WWF Canada says it’s the right time for environmental action

New brand campaign underscores the parallels between humans and nature

WWF We Are All Wildlife_35x11WWF Canada has unveiled its first major brand campaign in nearly a decade as it embarks on an ambitious five-year plan that includes implementing habitat-friendly renewable energy, growing climate-friendly sustainable crops and creating low-impact sustainable fisheries.

Developed by Toronto agency John St., the “We are all wildlife” campaign uses a series of out-of-home executions and a pair of video spots to highlight the unmistakable parallels between humans and nature.

Backed by the garage rock nugget “Night Time,” the 45-second ad humorously compares and contrasts the courtship and mating rituals of humans and animals. Clips include a bird puffing up its feathers and engaging in a mating dance, followed by a dapperly-dressed man dancing at a club; two women fighting followed by bighorn sheep butting heads, as well as scenes showing grizzly-on-grizzly and tortoise-on-tortoise action, birth and parents nuzzling their young.

WWF “We Are All Wildlife” from john st. on Vimeo.

As the screen fades to white, a super reading “We work hard to create life. Let’s protect it” appears on screen, followed by the “We are all wildlife slogan” and the WWF’s iconic panda mascot.

A series of out-of-home ads use a split-screen technique to compare humans and nature. One ad features images of a deeply wrinkled man’s face and rings in a tree, while another shows a bear and a human with their mouth open in an apparent show of anger.

WWF Canada president and CEO David Miller said the message behind the campaign and the organization’s new five-year plan is people and nature are “inextricably” linked.

“What we’re saying is that nature matters,” said Miller. “We’re at a moment in time when we really need to act, and WWF Canada is a very important way of ensuring that we protect nature in a way that protects and nurtures people and community. The key for us is the message resonates with our closest supporters, our partners and people who might be our supporters.”

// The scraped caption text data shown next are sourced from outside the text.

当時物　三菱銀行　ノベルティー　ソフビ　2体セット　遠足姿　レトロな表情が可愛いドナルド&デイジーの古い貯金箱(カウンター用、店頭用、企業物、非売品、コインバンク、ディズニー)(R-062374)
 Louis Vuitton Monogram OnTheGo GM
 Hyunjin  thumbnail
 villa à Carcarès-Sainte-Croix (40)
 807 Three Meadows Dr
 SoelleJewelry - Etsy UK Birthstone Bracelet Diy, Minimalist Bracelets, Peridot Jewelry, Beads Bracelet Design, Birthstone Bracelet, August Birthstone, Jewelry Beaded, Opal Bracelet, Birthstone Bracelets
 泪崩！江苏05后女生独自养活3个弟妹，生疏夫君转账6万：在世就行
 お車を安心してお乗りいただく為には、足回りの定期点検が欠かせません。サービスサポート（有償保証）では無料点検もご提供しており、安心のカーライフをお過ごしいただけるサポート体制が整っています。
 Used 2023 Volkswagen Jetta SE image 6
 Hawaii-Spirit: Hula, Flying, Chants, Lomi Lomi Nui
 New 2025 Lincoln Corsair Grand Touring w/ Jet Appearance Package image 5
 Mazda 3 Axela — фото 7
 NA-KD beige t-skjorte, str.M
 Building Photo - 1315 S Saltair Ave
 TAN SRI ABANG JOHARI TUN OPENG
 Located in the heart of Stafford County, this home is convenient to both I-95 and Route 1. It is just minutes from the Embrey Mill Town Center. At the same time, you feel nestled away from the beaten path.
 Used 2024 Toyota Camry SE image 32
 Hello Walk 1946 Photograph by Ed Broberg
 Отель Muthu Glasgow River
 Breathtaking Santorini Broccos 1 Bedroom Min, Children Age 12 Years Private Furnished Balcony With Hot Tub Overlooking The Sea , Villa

He pointed to the overfishing of Atlantic Canada’s cod stocks in the 1990s as an example of the strong link between nature and humans. The overfishing not only pushed the species to the brink of extinction, but the subsequent collapse of the cod fishing industry pushed more than 30,000 people out of a job.

Miller described the campaign as irreverent, interesting and engaging, particularly for a traditionally weighty topic such as the environment. “I’d like people to think of us as being an innovative kind of organization,” said Miller. “And it says that to me.”

Miller joined WWF Canada in 2013 after spending seven years as Toronto mayor. Research showed he inherited an organization that was respected and liked by Canadians, but whose work was something of a mystery. “We were in an enviable position with lots of respect and awareness, but the fact they didn’t know us for what we were doing was a concern,” he said.

The overall goal of the organization’s five-year plan, said Miller, is to inspire 1 in 10 Canadians to carry out an action that is somehow meaningful to nature, an objective that he characterized as “ambitious, but realistic.”

Miller said WWF Canada is already engaging Canadians through existing programs including the Go Wild Community Grants program with Telus, The Great Canadian Shoreline Cleanup (led in association with the Vancouver Aquarium) and the Loblaw Water Fund.

Miller said such corporate support is “really important,” not just to the WWF’s success, but the success of the programs it is attempting to institute.

“When [Loblaws] made a commitment to source and sell 100% sustainable seafood, it transformed the market,” he said. “Our work with the people who did the fishing and processed it was far more successful because their customer is speaking the same language.”

While the “We are all wildlife” campaign was planned and executed in advance of the recent federal election and U.S. president Barack Obama’s rejection of TransCanada Corp.’s Keystone XL pipeline project, Miller said the current political climate means that the environment is “far more on the agenda” than it was when the Harper government was in power.

“The idea that the environment and the economy are positively linked and can work in harmony is one that the current federal government will be receptive to,” he said. “It means there is a huge opportunity over the next five years to make transformative change in a way that benefits Canadians and wildlife.”

WWF Canada’s five-year plan was inspired by the organization’s 2014 Living Planet Report, which indicated that Canadians are currently using 3.7 times their share of the earth’s available resources each year. At the same time, wildlife populations worldwide have declined by 52% over the past 40 years, a direct result of human activity.